Gülen’le AKP arasındaki gerginliğin ilk belirtileri ise 2007’de görülmeye başladı. Çatışmanın nedeni 2002’de yapılan ittifakın nedeniyle aynıydı: Erdoğan ve çevresinin siyasal popülaritesine bir diyecek yoktu, ancak, ellerinde 28 Şubat çemberinden geçmiş bürokrasiyi “adam edecek” bir kadro da bulunmuyordu. İlk pazarlığa göre, Gülen Cemaati, okullarından mezun edip dünyanın her yerinde eğittiği kadrolarla bu desteği verecek, daha doğrusu AKP hükümetinden bu imtiyazı alacaktı. Böyle de oldu. Hükümet başkanı sıfatıyla Erdoğan’ın sık sık övünerek tekrarladığı “bürokrasiyi ortadan kaldırdık” cümlesi aslında bürokraside yaşanan bu kan değişimine işaret ediyordu. Bürokrasi partinin hizmetine girmişti. Parti ile kamu, meşhur yüzde 50’lik oy oranı nedeniyle bir ve aynı sayılıyordu bu denklemde.
Tayyip Erdoğan ve ekibi ile Gülen Cemaati arasında ittifakın başından itibaren çeşitli gerginlikler yaşandığını tahmin etmek zor değil. Ancak, kamuoyuna malum olan ilk vaka Mavi Marmara kriziydi. Gazze’ye “yardım götürmek” isteyen Mavi Marmara gemisi ve inisiyatif sahibi İHH Erdoğan tarafından desteklenirken Gülen bu yolculuk için İsrail’den izin alınması gerektiğini söyledi. Dokuz Türkiye Cumhuriyeti vatandaşının ölümüyle son bulan bu girişim Gülen-AKP ilişkilerindeki ilk dönüm noktasıydı.

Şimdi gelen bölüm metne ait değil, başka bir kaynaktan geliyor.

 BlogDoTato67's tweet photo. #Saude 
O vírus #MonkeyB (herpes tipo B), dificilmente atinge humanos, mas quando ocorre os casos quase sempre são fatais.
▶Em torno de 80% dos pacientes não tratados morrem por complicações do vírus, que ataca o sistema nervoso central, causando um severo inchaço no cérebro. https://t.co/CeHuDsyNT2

İkinci kriz kamuoyunu çok ilgilendirse de fazlaca dillendirilmeksizin üstü kapatıldı, çünkü her iki tarafa da zarar verebilir nitelikteydi. Krizin önemi ÖSYM etrafında yaşanıyor, dolayısıyla milyonlarca kişiyi ilgilendiriyor olmasından kaynaklanıyordu. Üniversiteye ve memuriyetlere girişte kilit önemdeki ÖSYM etrafındaki şaibenin fazla büyümemesine hem hükümet hem de Cemaat büyük özen gösterdi. 2010’da KPSS sorularının çalındığı yolundaki iddialar üzerine sınavın iptal edilmesi, işin içinde Gülenci dershanelerin olduğunun öne sürülmesi ve sonuçsuz kalsa da AKP’nin ÖSYM’yi doğrudan hükümete bağlama girişimiyle iddiaları doğrular bir tavır takınması manidardı. Benzer iddialar ÖSYM’nin yaptığı bütün sınavlarda ortaya atılmaya başladı. Ancak mevzunun hassasiyeti kadrolaşma rekabetinden doğan bu daimi krizin su yüzüne çıkmasını engelledi.

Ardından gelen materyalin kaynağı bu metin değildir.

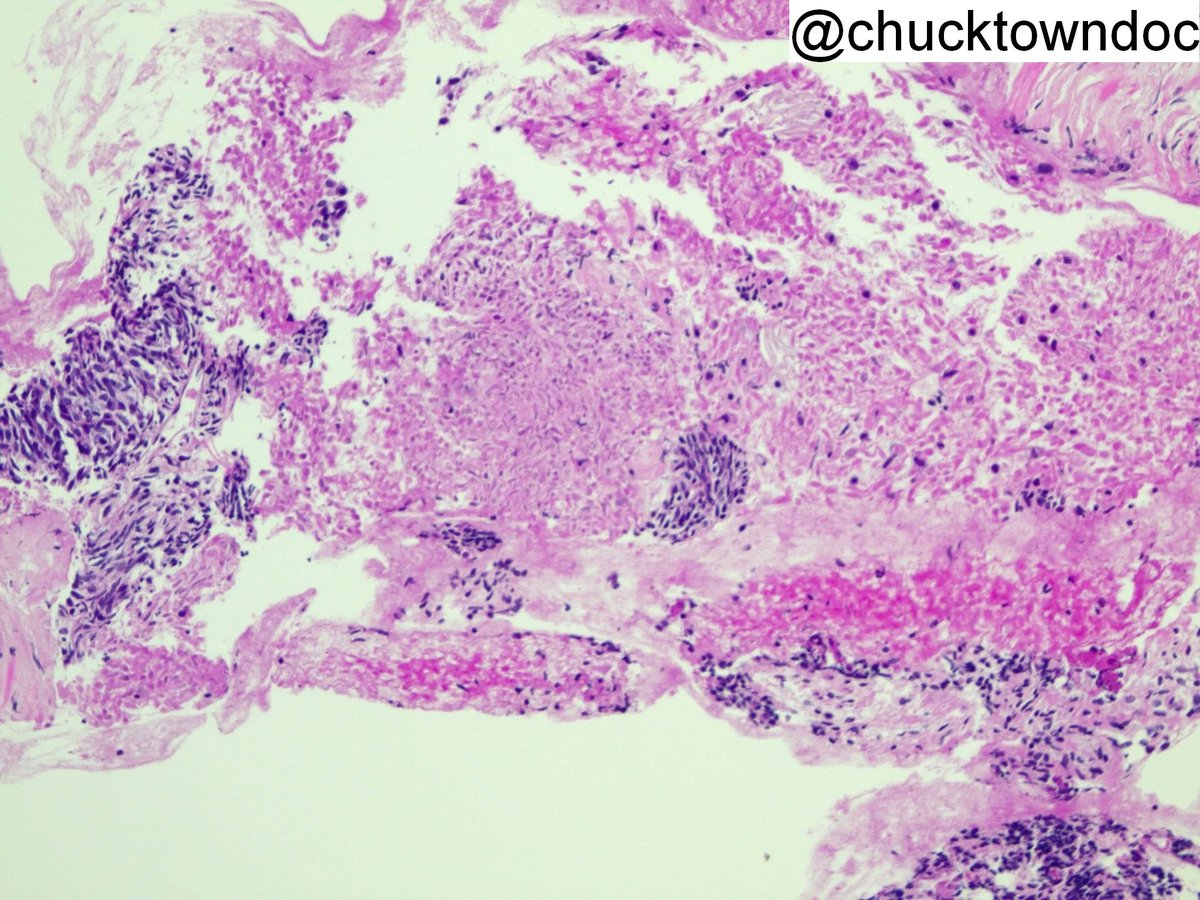 Pancreatic mass in young adult male. EUS FNA. What is the diagnosis? What single stain could confirm it? Answers: kikoxp.com/posts/16463 More posts from Dr. Ingram @Chucktowndoc kikoxp.com/frank_ingram3 #pathology #pathTwitter #medTwitter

Cemaat-AKP geriliminde üçüncü kırılma noktası Hakan Fidan kriziydi. Kriz 7 Şubat 2012 tarihinde, KCK davasına bakan özel yetkili savcı Sadrettin Sarıkaya’nın MİT Müsteşarı Hakan Fidan’ı ifade vermeye çağırmasıyla patlak verdi. Başbakan Erdoğan net bir tavırla Fidan’ın ifade vermeye gitmeyeceğini söyledi. Hemen ardından yasal bir düzenlemeyle Fidan ve ekibi bir çeşit dokunulmazlık zırhıyla koruma altına alındı. Aslında, yargı ve polis kadrolarındaki Gülen desteğini kullanarak, Ergenekon, Balyoz gibi davalar aracılığıyla siyaset üzerindeki askerî vesayeti sona erdiren AKP için rüyanın kâbusa döndüğü andı bu adım. Çünkü Erdoğan, kendisine destek olması için bürokrasiye ektiği Gülen tohumlarının herhangi bir çıkar çatışmasında fena halde köstek olabileceğini ilk kez net olarak anladı.

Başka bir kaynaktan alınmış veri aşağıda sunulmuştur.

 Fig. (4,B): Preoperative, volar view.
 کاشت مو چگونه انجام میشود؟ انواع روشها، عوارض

Nihayet yaklaşık bir yıl sonra, dershane krizi patlak verdiğinde artık işler çığırından çıkmıştı. Hükümet dershaneleri kaldırmak, bunun yerine kolejlerin sayısını artırmak istiyordu. Oysa dershaneler Cemaat’in temel toplumsallaşma alanlarıydı. Daha da önemlisi, verdiği bürokratik destekle var ettiği AKP’nin, kendisine ait bir alanı ortadan kaldırmak üzere bu kadar açık bir hamleye girişmesi Cemaat’i çileden çıkartmıştı. Dershanelerin kapatılmasını iki yıl erteleyen düzenleme, sonraki büyük krizi engelleyemedi.
17 Aralık’ta başlayan yolsuzluk operasyonları sonrasında yaşananlar Türkiye İslamcılığının iki çağdaş-köksüz ekolü (Gülen ve AKP) arasında bitmek bilmez bir düellonun safhaları. Bir tarafta bürokrasi, yargı ve kolluk kuvvetleri içindeki gücüyle Fethullah Gülen Cemaati ve sermayesi, diğer yanda yasama ve yürütmedeki gücüyle AKP. Bütün bu olanların olumlu tarafı ise iki İslamcı grup arasındaki kavganın yolsuzluk, nüfuz ticareti vb. dünyevî meseleler üzerinden yürümesi dolayısıyla Türkiye İslamcılığının profanlaşma seviyesinin iyiden iyiye görünürleşmesi. Gülen ve AKP el birliğiyle, İslam’ın bir din olarak taşıdığı tarihsel gücün İslamcılığa siyasî meşruiyet zemini olarak koşulduğu bir çağı kapatmış oldular.